Mr. Duong Duc Hien, Director of Residential Sales for North and Central Vietnam at Savills Vietnam.

So the current 30% investors, especially in the Hanoi market, which basket are they putting their money in?

The 2016-2018 period had a limited number of attractive products; thus, particularly special projects were immediately absorbed by the market. At this current stage, investors are becoming stricter and more fastidious with different product lines. They are also giving criteria to screen products and developers. In addition, before spending money, actual buyers are now deeply concerned about a product’s location, convenience, and utilities. This shows that there are more and more criteria for housing products are interested by consumers.

The nature of Hanoi investors, people with thin and few capital, is to invest in Hanoi or nearby opportunities. The resort real estate is the main market attracting idle money, often from professional investors, 10% for rent, 30% for investment, and 60% for ownership.

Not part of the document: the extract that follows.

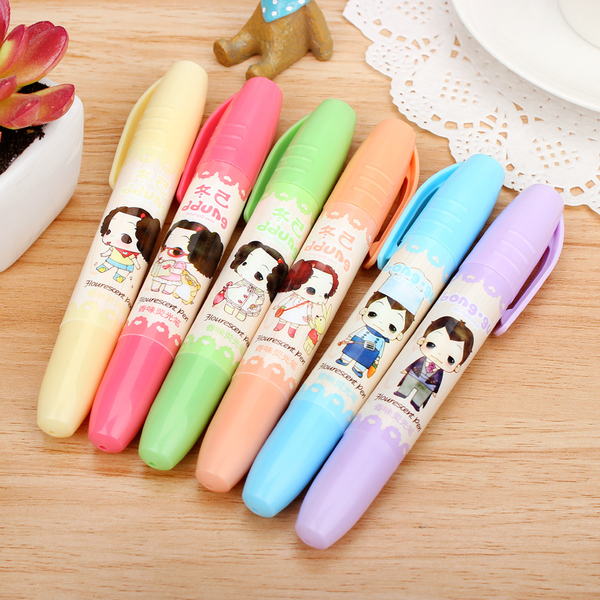 晨光文具韩国款21006迷糊娃娃冬己香味荧光笔学生重点标记记号笔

The current tendency of the majority of customers is to return to original real estate products such as sea villas, sea condos, and vacation resorts. This is because derivative real estate products are often only contemporary; and over time, some will be eliminated while others will change according to tastes, trends, and the development of the economy.

In the process of development, derivative real estate products are faced with many difficulties and obstacles, in which the biggest barrier is the legal system. With new product lines, sometimes policies and regulations cannot keep up, so the legal framework for many derivative products is still unclear and inconsistent.

This has a significant impact on the trading activities of these product, eventhough investors have been making great efforts in product development and operation transparency.

On the other hand, original products are always the root of the real estate market. Every human activity is associated with real estate: living, working, doing business; therefore, orinal products will be the never-changing core of the market.

What about provincial markets?

The cashflow towards provincial markets are mostly from speculators. There may be investors but they are often locals living in the province. The provincial market in 2018 really attracted attention. The basic principle is that because provinces are growing strongly, the speed of urbanization is fast, the enterprises and the rich in the provinces are greatly increasing.

When living conditions are high, people demand better life’s quality and safety. That is why the provincial real estate market develops very quickly, to meet demand. Many investors who have houses in big cities, still prefer to own houses in other provinces. In particular, investors will be attracted to any province that offers inviting policies.

What are your thoughts on the projects developing along highways between big cities and provinces?

Often time people assume that road opening means opportunities for  residential real estate; however, long-distance highways do not have many exits and you are allowed to stop only at some certain points. If there is a project developing along highways, it will not be sold to anybody.

Moreoever, highway project developers invest a huge amount of money in professional and modern rest areas, so no vehicle will suddenly stop in the middle of the road to do any business.

In fact, in other countries, after establishing highways, real estate is developed following the wheel rotation. Accordingly, real estate projects will be attractive to buyers and investors if it is located in government planned areas, connected to community and highway systems.